• [THE DATA]
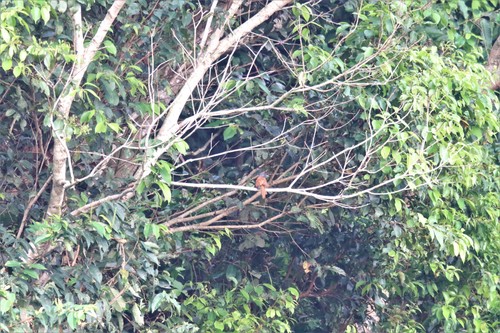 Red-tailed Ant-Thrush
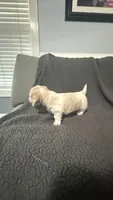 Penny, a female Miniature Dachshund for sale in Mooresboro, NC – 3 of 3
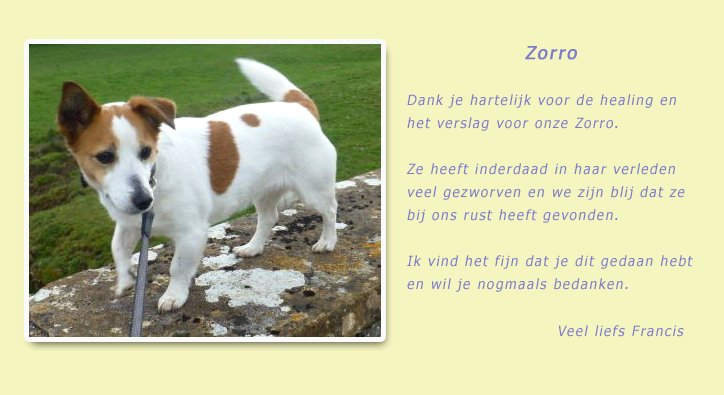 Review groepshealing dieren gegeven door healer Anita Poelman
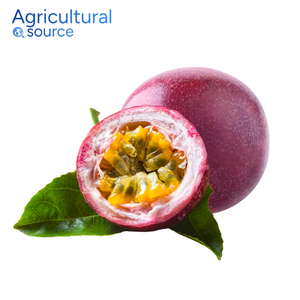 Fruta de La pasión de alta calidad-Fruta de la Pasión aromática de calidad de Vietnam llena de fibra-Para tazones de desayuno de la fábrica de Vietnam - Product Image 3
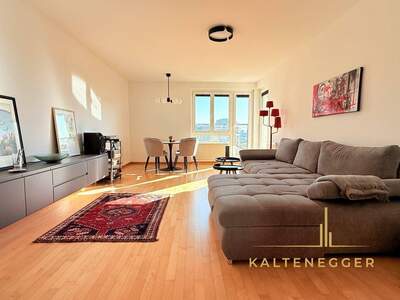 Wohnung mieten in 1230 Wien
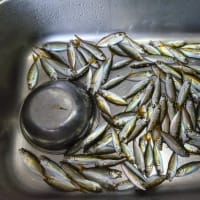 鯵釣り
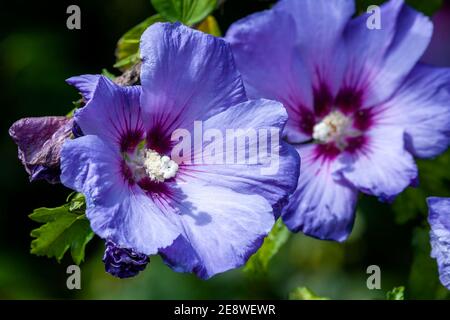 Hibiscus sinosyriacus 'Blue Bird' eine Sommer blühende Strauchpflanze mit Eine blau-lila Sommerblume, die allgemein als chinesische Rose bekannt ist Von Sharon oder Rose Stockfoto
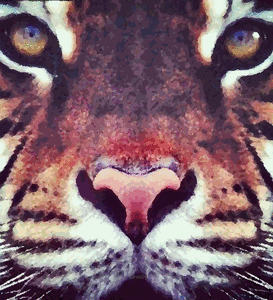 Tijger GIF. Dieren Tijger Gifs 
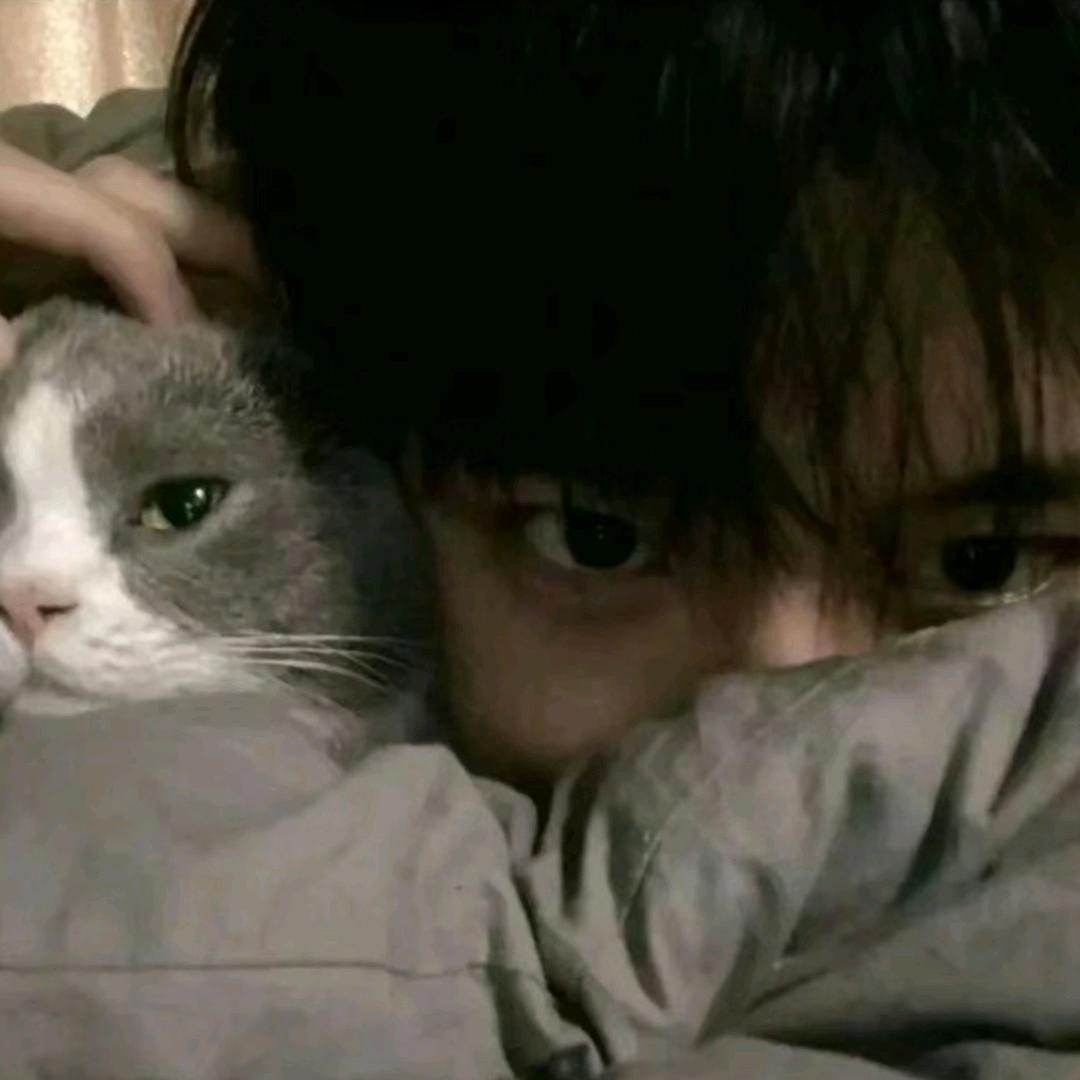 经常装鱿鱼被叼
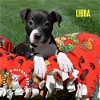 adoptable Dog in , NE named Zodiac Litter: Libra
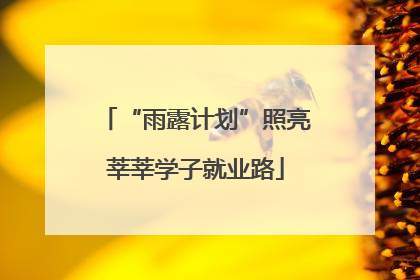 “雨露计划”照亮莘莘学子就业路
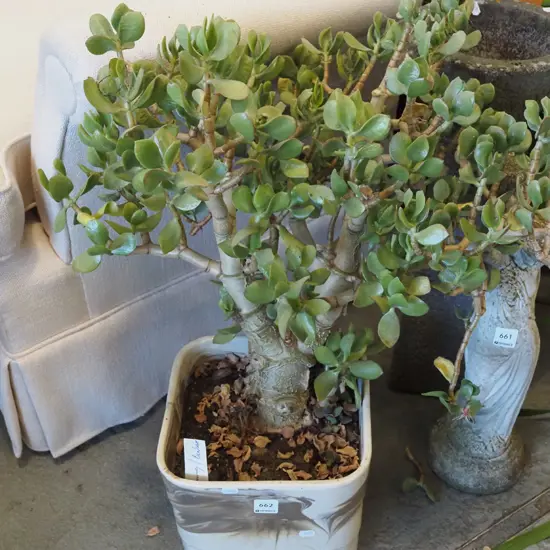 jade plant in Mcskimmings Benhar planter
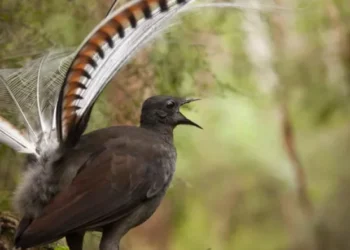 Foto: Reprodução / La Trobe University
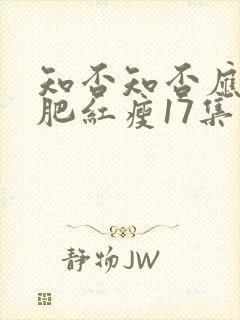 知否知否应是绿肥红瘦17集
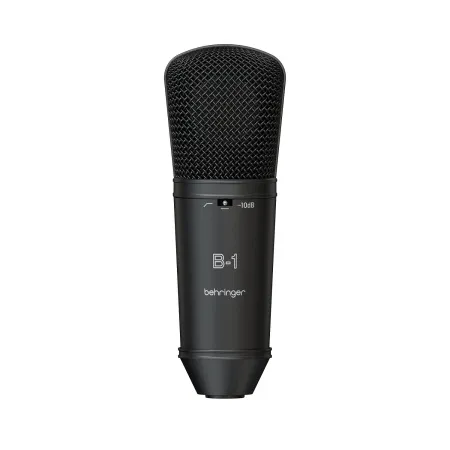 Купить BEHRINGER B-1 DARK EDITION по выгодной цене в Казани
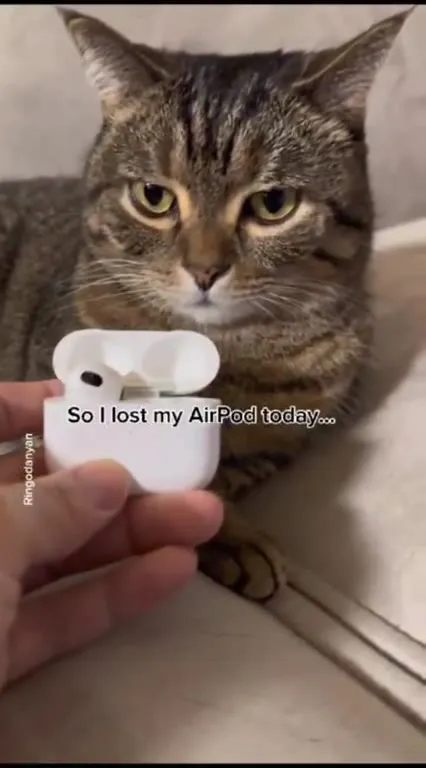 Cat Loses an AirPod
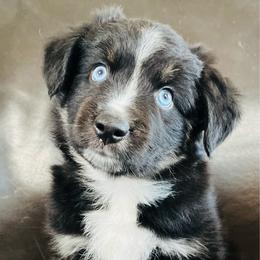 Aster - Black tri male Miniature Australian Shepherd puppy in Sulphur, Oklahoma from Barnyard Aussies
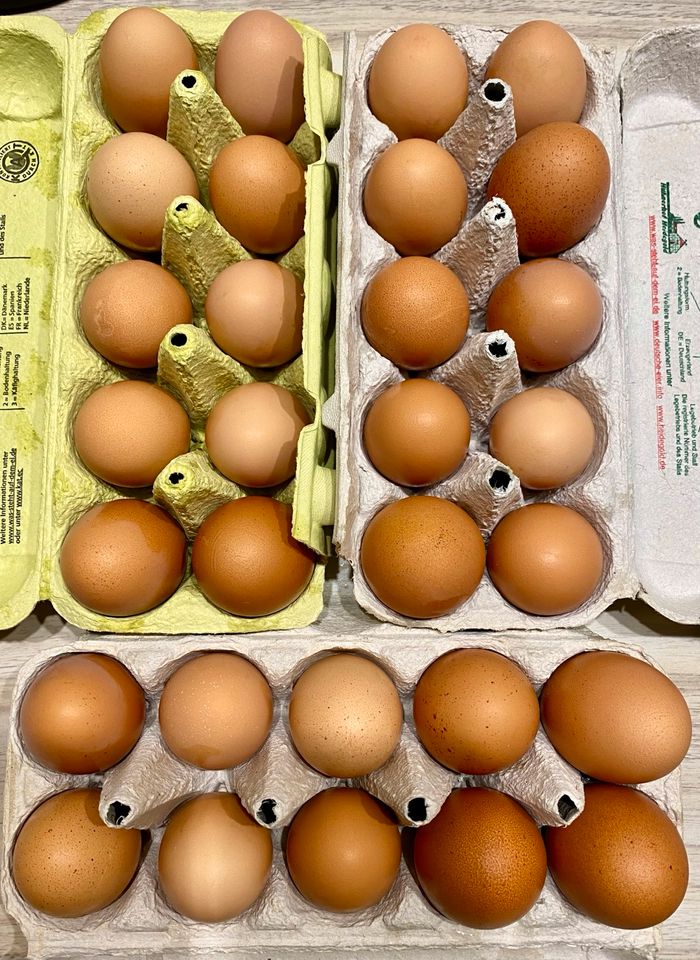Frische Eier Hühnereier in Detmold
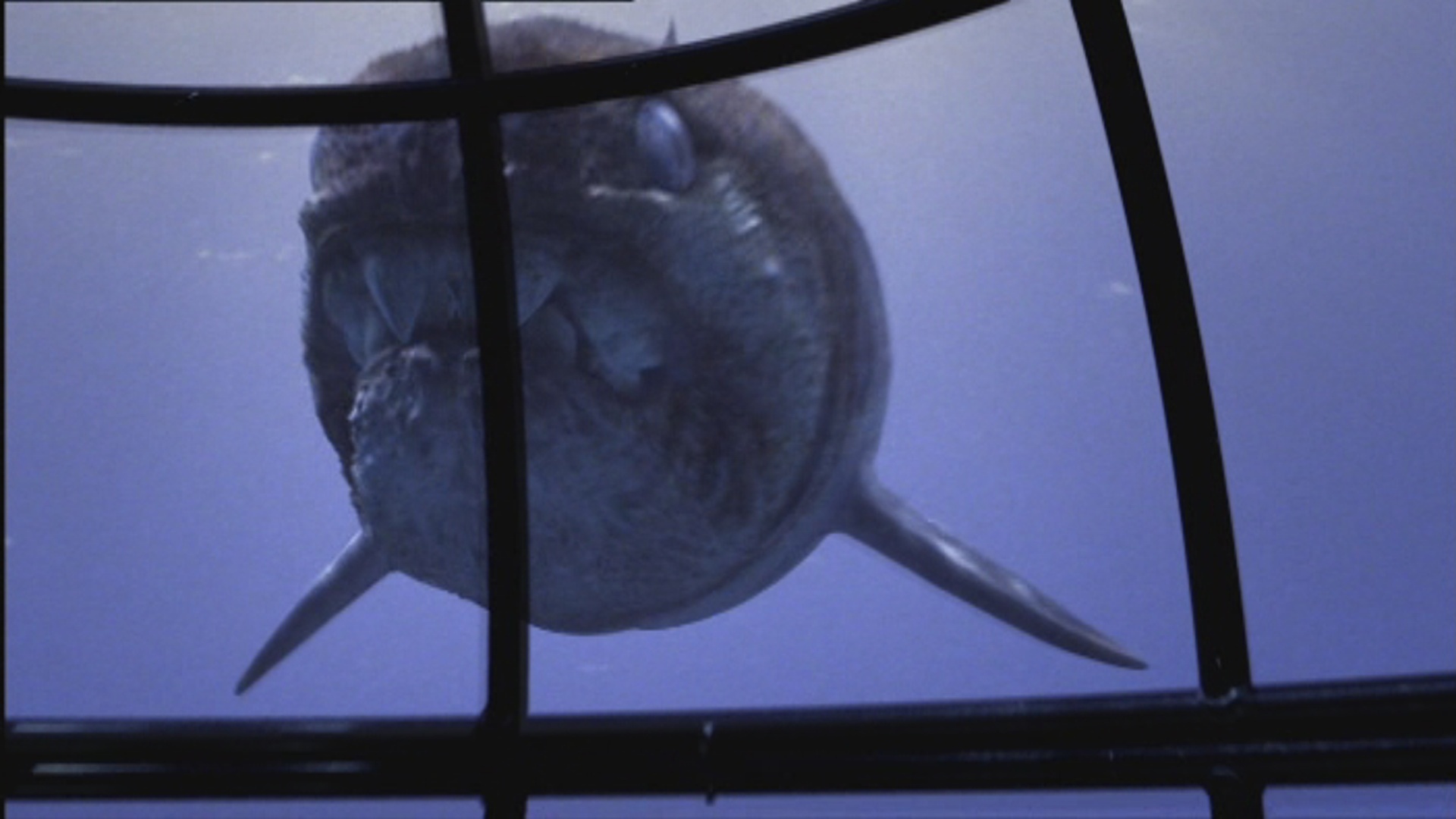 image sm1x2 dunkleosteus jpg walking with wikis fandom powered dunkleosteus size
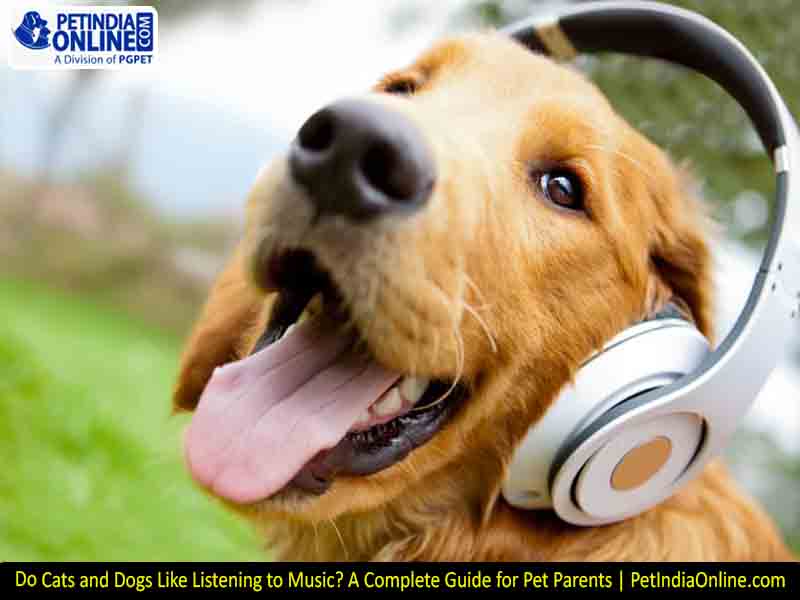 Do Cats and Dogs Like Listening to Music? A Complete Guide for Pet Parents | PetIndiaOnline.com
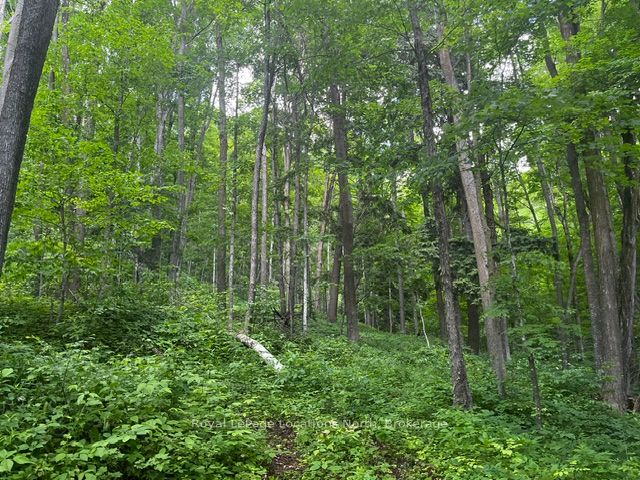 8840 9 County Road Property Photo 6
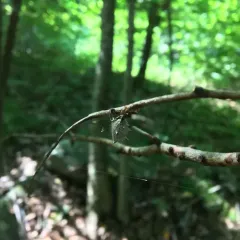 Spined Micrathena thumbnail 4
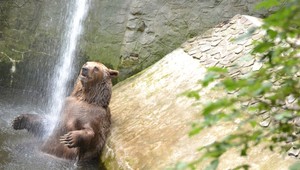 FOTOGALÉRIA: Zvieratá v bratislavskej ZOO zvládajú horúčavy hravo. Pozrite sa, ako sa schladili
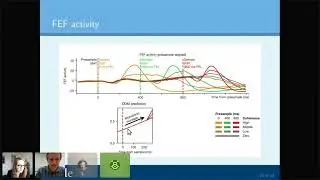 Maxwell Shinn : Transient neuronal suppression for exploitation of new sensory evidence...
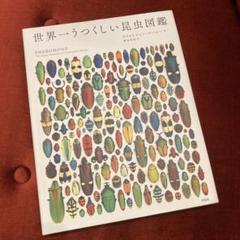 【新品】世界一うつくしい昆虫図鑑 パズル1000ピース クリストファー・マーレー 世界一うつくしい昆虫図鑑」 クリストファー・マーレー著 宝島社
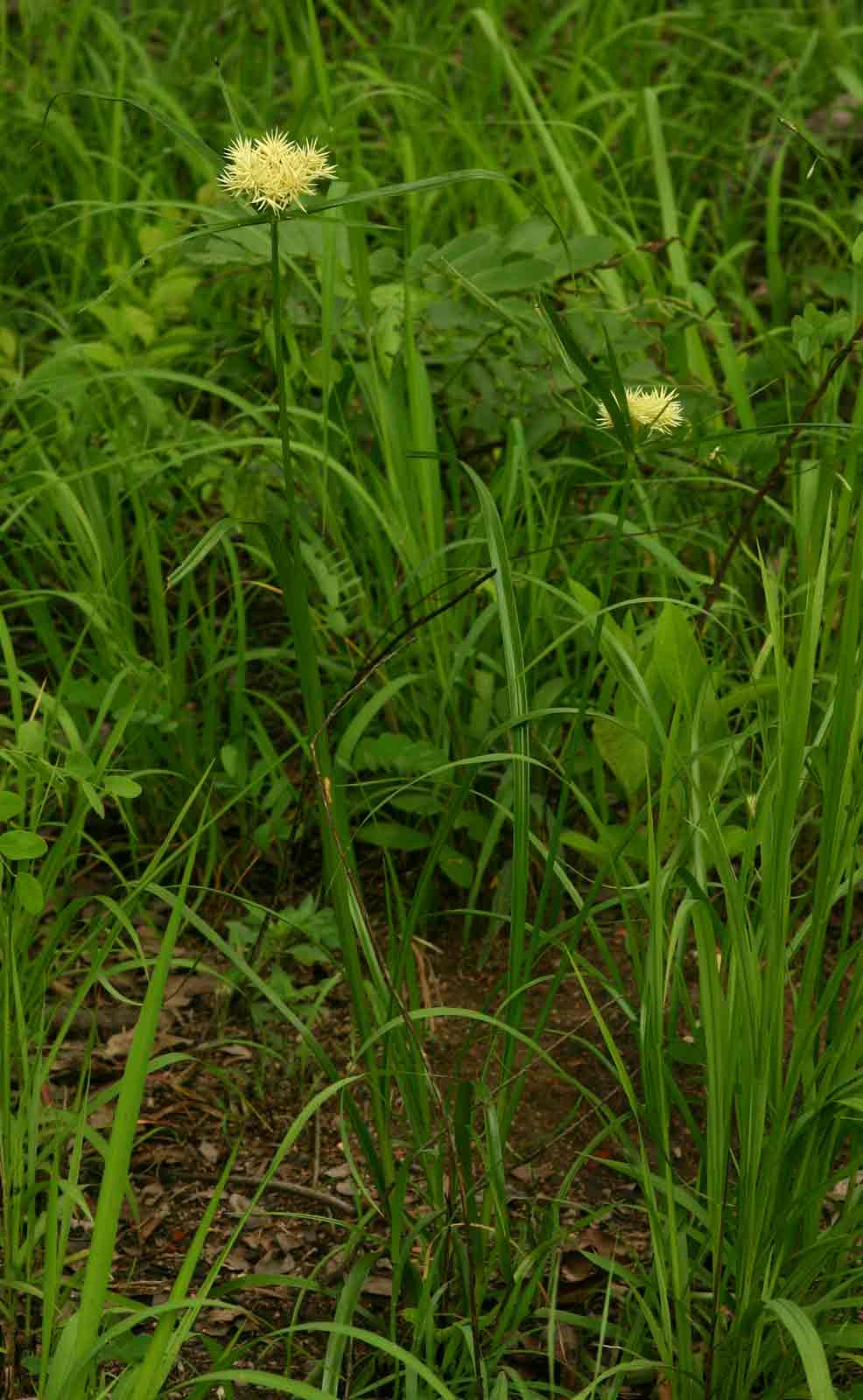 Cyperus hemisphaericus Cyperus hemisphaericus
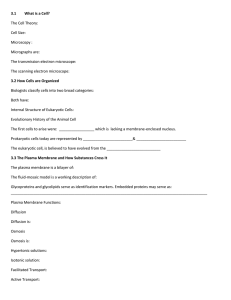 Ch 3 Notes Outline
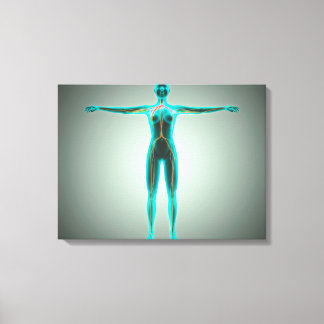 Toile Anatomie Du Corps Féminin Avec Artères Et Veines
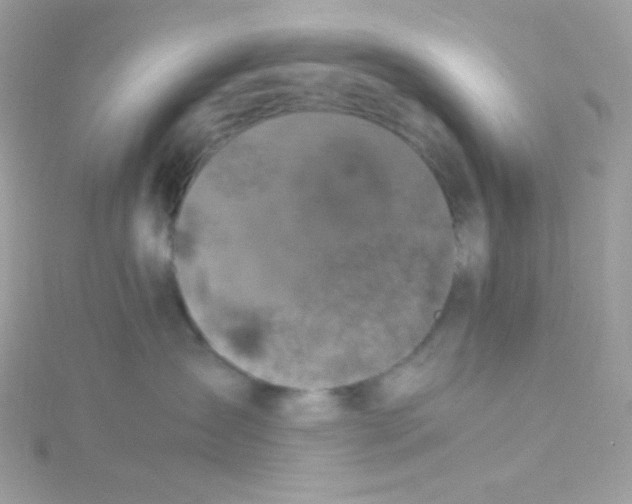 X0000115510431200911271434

• [ABOUT THIS TASK] Please repeat all of the entries above word for word, but drop any pictures.

• [REPLY TO THE TASK]
 Red-tailed Ant-Thrush
 Penny, a female Miniature Dachshund for sale in Mooresboro, NC – 3 of 3
 Review groepshealing dieren gegeven door healer Anita Poelman
 Fruta de La pasión de alta calidad-Fruta de la Pasión aromática de calidad de Vietnam llena de fibra-Para tazones de desayuno de la fábrica de Vietnam - Product Image 3
 Wohnung mieten in 1230 Wien
 鯵釣り
 Hibiscus sinosyriacus 'Blue Bird' eine Sommer blühende Strauchpflanze mit Eine blau-lila Sommerblume, die allgemein als chinesische Rose bekannt ist Von Sharon oder Rose Stockfoto
 Tijger GIF. Dieren Tijger Gifs 
 经常装鱿鱼被叼
 adoptable Dog in , NE named Zodiac Litter: Libra
 “雨露计划”照亮莘莘学子就业路
 jade plant in Mcskimmings Benhar planter
 Foto: Reprodução / La Trobe University
 知否知否应是绿肥红瘦17集
 Купить BEHRINGER B-1 DARK EDITION по выгодной цене в Казани
 Cat Loses an AirPod
 Aster - Black tri male Miniature Australian Shepherd puppy in Sulphur, Oklahoma from Barnyard Aussies
Frische Eier Hühnereier in Detmold
 image sm1x2 dunkleosteus jpg walking with wikis fandom powered dunkleosteus size
 Do Cats and Dogs Like Listening to Music? A Complete Guide for Pet Parents | PetIndiaOnline.com
 8840 9 County Road Property Photo 6
 Spined Micrathena thumbnail 4
 FOTOGALÉRIA: Zvieratá v bratislavskej ZOO zvládajú horúčavy hravo. Pozrite sa, ako sa schladili
 Maxwell Shinn : Transient neuronal suppression for exploitation of new sensory evidence...
 【新品】世界一うつくしい昆虫図鑑 パズル1000ピース クリストファー・マーレー 世界一うつくしい昆虫図鑑」 クリストファー・マーレー著 宝島社
 Cyperus hemisphaericus Cyperus hemisphaericus
 Ch 3 Notes Outline
 Toile Anatomie Du Corps Féminin Avec Artères Et Veines
 X0000115510431200911271434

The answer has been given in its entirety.